|Zamar, Maria Ines|
Submitted to: Florida Entomologist
Publication Type: Peer Reviewed Journal
Publication Acceptance Date: 11/21/2011
Publication Date: 3/17/2012
Citation: Logarzo, G.A., Zamar, M., Richman, D., Bruzone, O. 2012. Structure and composition of a thrips community in the Chihuahua Desert, New Mexico, U.S.. Florida Entomologist. 95(1):35-42. Interpretive Summary: Owing to the constant destruction of natural environments, any information on species diversity has become critically important to understand the functioning of natural communities. The diversity of the thrips fauna of the United States is partially known, mainly because of the limited studies and collecting efforts on natural areas. So far, 3 states, California, Florida and Georgia, have a checklist of thrips species. Most studies on these insects have been focused on control of pest thrips. Consequently, there is a big gap in the knowledge of thrips associated to native plants. We carried out a study of the insects that feed on plants in an arid ecosystem located in the Chihuahua desert in New Mexico, dominated by creosote bush, woody snakeweeds, honey mesquite, and tarbush. Previously, we published the results of the leafhopper community.

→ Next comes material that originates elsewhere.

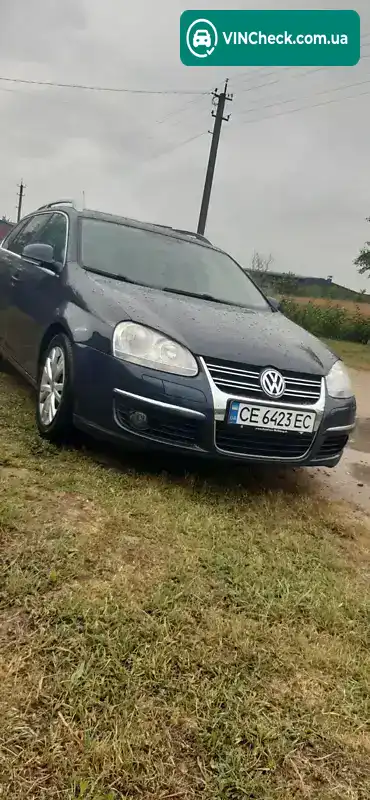 Volkswagen Golf 2008, фото з оголошення 1 з 17, VIN WWWZZZ1KZ9M257832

Now we are reporting the species composition of a native community of thrips in New Mexico: thrips species were sampled on 13 perennial woody plants to provide information of plant use, thrips abundance and seasonality.

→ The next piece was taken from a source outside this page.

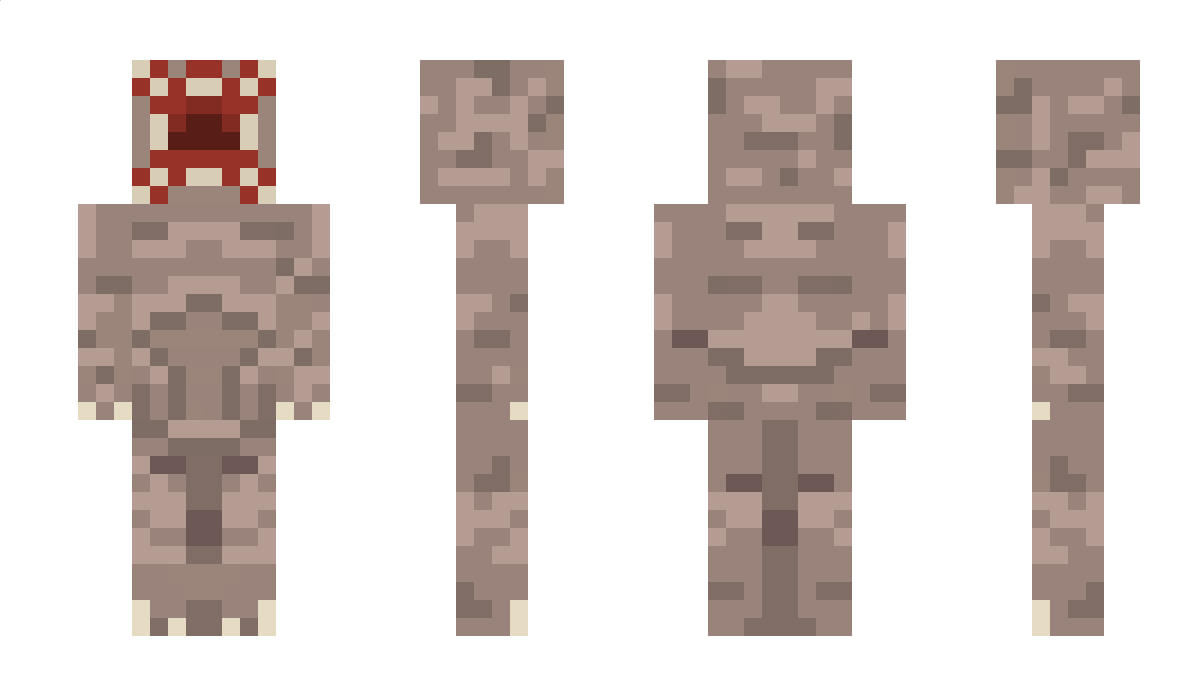 Firebear846 Minecraft Skin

Technical Abstract: The structure and composition of a thysanopteran community was studied on 13 woody and perennial native plants in the Chihuahua Desert. Individual plants were sampled with sticky-traps on 8 dates from May 1997 to September 1998. We sampled 4,763 adult thrips belonging to 26 species in 19 genera, of which 16 could be identified to species. Four families are represented, Thripidae (17 species comprised 98.2 % of the collected specimens), Phlaeothripidae (5 species comprised 1.6%), Aeolothripidae (2 species comprised 0.1%) and Heterothripidae (1 species comprised 0.1%). A total of 20 species (76.9%) were phytophagous (on flowers and leaves), 5 (19.2%) were predators, whereas one (3.8%) was mycophagous. The thrips richness and abundance were positively correlated with plant volume. Frankliniella occidentalis (Pergande) was the most abundant species and accounted 73.9% of the total collection of the sampled thrips, which together with Chirothrips falsus, Microcephalothrips abdominalis, Frankliniella gossypiana, Baileyothrips arizonensis, and Neohydatothrips signifer comprised 96.3% of the total collected thrips. Main abundances, considering all thrips species, occurred in fall and spring; no thrips were collected during winter. This seasonal pattern of occurrence was observed for the most abundant thrips species.